Data provided:
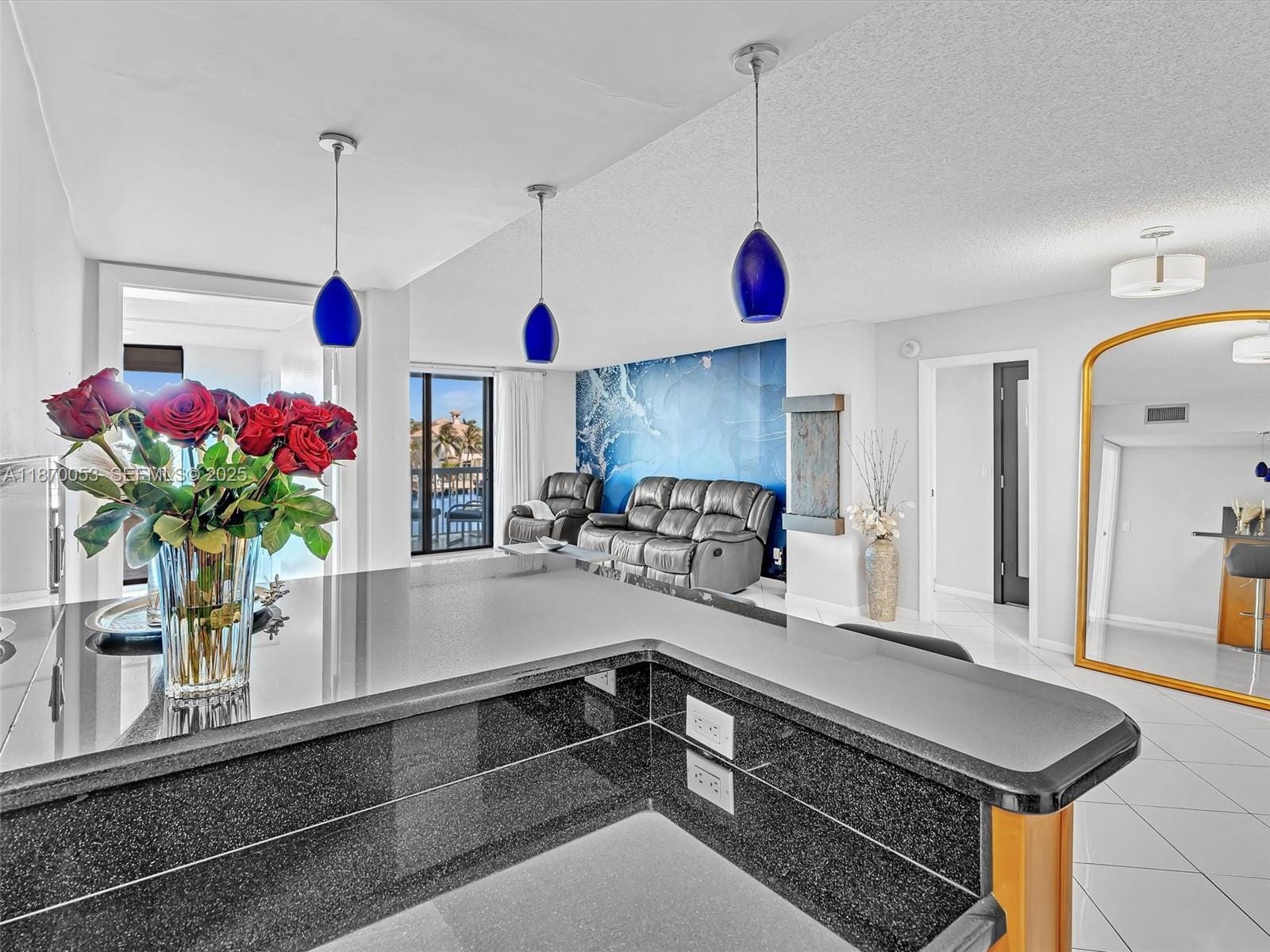 1500 S Ocean Drive 3E, Hollywood, FL 33019 photo 13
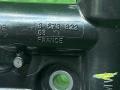 термостат BMW X7 G07 2021, 4.4 л., N63B44D, бензин, 416 carbon-schwarz, внедорожник 5 дв., полный привод, 8678822, 17228678822 - фото №6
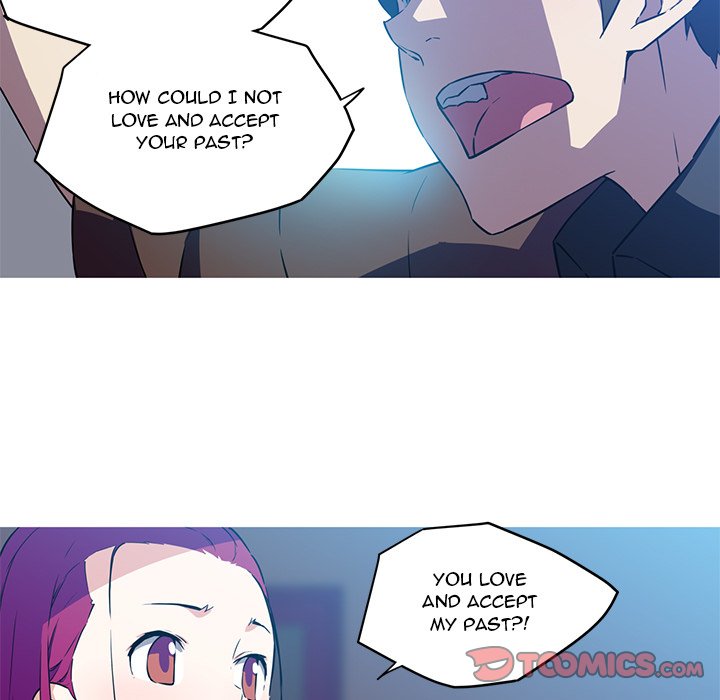 My Girlfriend is a Star - Chapter 36 [photo 9] - MangaPorn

What this task involves: Copy out the lines above in full and unaltered, apart from the pictures.

Exercise response:
 1500 S Ocean Drive 3E, Hollywood, FL 33019 photo 13
 термостат BMW X7 G07 2021, 4.4 л., N63B44D, бензин, 416 carbon-schwarz, внедорожник 5 дв., полный привод, 8678822, 17228678822 - фото №6
 My Girlfriend is a Star - Chapter 36 [photo 9] - MangaPorn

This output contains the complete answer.